1993年の5月15日にJリーグが開幕し、同年の10月28日に『ドーハの悲劇』、そして1997年11月16日の『ジョホールバルの歓喜』を経て、初めてワールドカップ出場を果たした日本サッカー界。このシリーズ連載では、時に人々を歓喜させ、時に人々を悲嘆させた、日本サッカーの歴史を紐解きながら、サッカーに関連する「今日の出来事」を紹介する。
1997年3月23日、フランス・ワールドカップを目指すアジア予選の初戦はオマーンとのアウエーゲーム。本大会への長い道のりへの第一歩を刻んだ初得点はエースのカズでも若武者FW城彰二でもなかった。

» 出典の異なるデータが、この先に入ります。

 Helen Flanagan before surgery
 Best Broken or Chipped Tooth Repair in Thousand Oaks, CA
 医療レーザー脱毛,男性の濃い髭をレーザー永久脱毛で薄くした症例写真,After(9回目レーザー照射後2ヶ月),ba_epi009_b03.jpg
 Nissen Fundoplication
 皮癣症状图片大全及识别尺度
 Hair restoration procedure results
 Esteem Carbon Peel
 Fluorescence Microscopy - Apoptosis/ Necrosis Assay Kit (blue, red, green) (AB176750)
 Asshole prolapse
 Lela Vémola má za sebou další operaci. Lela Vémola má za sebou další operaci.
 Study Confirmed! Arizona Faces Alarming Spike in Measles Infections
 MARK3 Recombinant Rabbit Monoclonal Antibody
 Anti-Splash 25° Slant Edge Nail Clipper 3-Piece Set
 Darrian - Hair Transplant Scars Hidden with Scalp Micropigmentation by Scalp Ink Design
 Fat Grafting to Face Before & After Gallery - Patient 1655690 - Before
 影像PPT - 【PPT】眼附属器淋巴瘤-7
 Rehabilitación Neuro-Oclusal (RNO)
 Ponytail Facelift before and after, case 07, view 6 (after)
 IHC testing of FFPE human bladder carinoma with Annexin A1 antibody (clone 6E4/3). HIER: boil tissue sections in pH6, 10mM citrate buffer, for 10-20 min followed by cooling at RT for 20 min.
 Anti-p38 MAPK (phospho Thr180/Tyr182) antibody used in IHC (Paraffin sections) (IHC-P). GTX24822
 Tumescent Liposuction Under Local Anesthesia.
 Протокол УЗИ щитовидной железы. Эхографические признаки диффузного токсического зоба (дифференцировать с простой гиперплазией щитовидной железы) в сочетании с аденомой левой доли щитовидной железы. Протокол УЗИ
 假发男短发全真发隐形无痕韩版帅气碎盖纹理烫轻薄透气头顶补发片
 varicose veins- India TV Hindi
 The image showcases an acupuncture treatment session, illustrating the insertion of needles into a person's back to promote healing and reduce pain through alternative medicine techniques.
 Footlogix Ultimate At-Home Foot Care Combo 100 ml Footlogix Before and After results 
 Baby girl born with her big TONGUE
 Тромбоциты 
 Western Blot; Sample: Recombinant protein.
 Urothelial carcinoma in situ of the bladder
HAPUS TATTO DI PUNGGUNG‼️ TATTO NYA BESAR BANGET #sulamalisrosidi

開始10分、自陣からのロングキックを受けたMF山口素弘が出したパスを相手DFがクリアしたボールが、攻め残っていたセンターバック、小村徳男の前にこぼれる。右足インサイドで難なく蹴り込んだゴールが、1次予選最大のライバルを下す一発になった。
小村は当時の加茂周・日本代表監督の古巣になる日産自動車、横浜F・マリノスで活躍。国際Aマッチ30試合で4得点。4日後のネパール戦(6-0)でもゴールを決めている。